The method <NUM> may further comprise that the location of the conveyance at the first time is verified by determining the location at the first time through acceleration <NUM>. The method <NUM> further comprise the steps of: tracking an acceleration <NUM> of the conveyance apparatus of a selected period of time including the first time; determining a plurality of locations of the conveyance apparatus over the selected period of time based on the acceleration <NUM>; and confirming the location of the conveyance apparatus at the first time using the plurality of locations of the conveyance apparatus over the selected period of time that was determined based on the acceleration <NUM>.

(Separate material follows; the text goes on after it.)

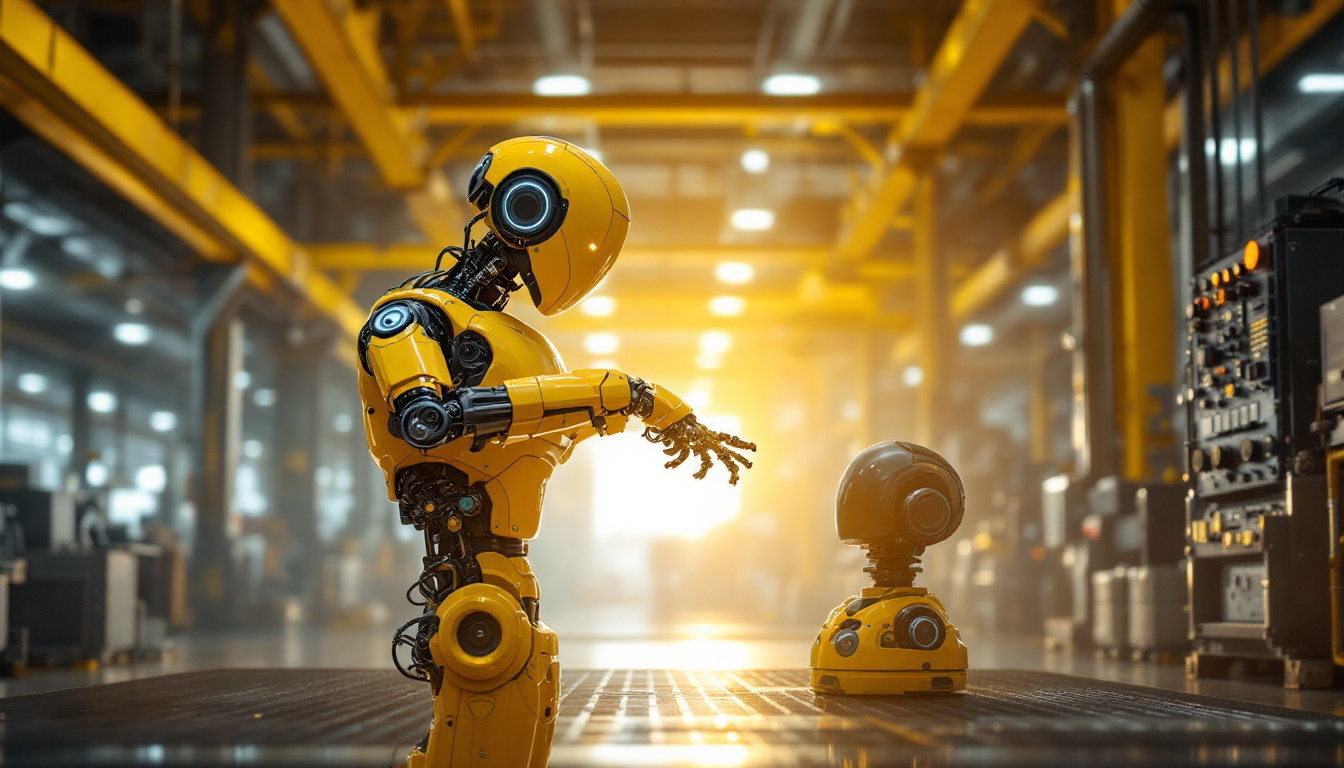 A photograph of a tesla optimus robot in an industrial setting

The method <NUM> further comprise the steps of: tracking pressure data <NUM> of the conveyance apparatus of a selected period of time including the first time; determining a plurality of locations of the conveyance apparatus over the selected period of time based on the pressure data <NUM>; and confirming the location of the conveyance apparatus at the first time using the plurality of locations of the conveyance apparatus over the selected period of time that was determined based on the pressure data <NUM>.

Alternatively, the location of the conveyance apparatus at the first time may be determined using acceleration <NUM> or pressure data <NUM> and then verified using the magnetic signatures <NUM>.

As described above, embodiments can be in the form of processor-implemented processes and devices for practicing those processes, such as processor. Embodiments can also be in the form of computer program code (e.g., computer program product) containing instructions embodied in tangible media (e.g., non-transitory computer readable medium), such as floppy diskettes, CD ROMs, hard drives, or any other non-transitory computer readable medium, wherein, when the computer program code is loaded into and executed by a computer, the computer becomes a device for practicing the embodiments. Embodiments can also be in the form of computer program code, for example, whether stored in a storage medium, loaded into and/or executed by a computer, or transmitted over some transmission medium, such as over electrical wiring or cabling, through fiber optics, or via electromagnetic radiation, wherein, when the computer program code is loaded into and executed by a computer, the computer becomes an device for practicing the exemplary embodiments.

Claim 1:
A method (<NUM>) of monitoring a conveyance apparatus within a conveyance system, the method comprising:
detecting, using a magnetometer (<NUM>), a first magnetic signature (<NUM>) within the conveyance system at a first time, the magnetometer (<NUM>) being attached to the conveyance apparatus;
comparing the first magnetic signature (<NUM>) detected to a plurality of magnetic signatures (<NUM>) contained in a magnetic signature lookup table (<NUM>), wherein each of the plurality of magnetic signatures (<NUM>) in the magnetic signature lookup table (<NUM>) are assigned to a specific location along a conveyance path of the conveyance system; and
determining a location of the conveyance apparatus at the first time by matching the first magnetic signature to one of the plurality of magnetic signatures;
wherein the conveyance system is an elevator system and the conveyance apparatus is an elevator car, wherein the conveyance path is an elevator shaft of the elevator system, and wherein the specific location along a conveyance path of the conveyance system is a landing; further comprising:
conducting a learn run through the conveyance path to learn the plurality of magnetic signatures (<NUM>) contained in the magnetic signature lookup table;
wherein the learn run further comprises stopping at each of a plurality of specific locations along the conveyance path to learn a magnetic signature (<NUM>) at each of the plurality of specific locations for the magnetic signature lookup table (<NUM>); and
characterised in that in the event that a magnetic signature (<NUM>) of the earth (<NUM>) cannot be differentiated amongst multiple landings (<NUM>), the method further comprises placing a magnet (<NUM>) at that location along the elevator shaft.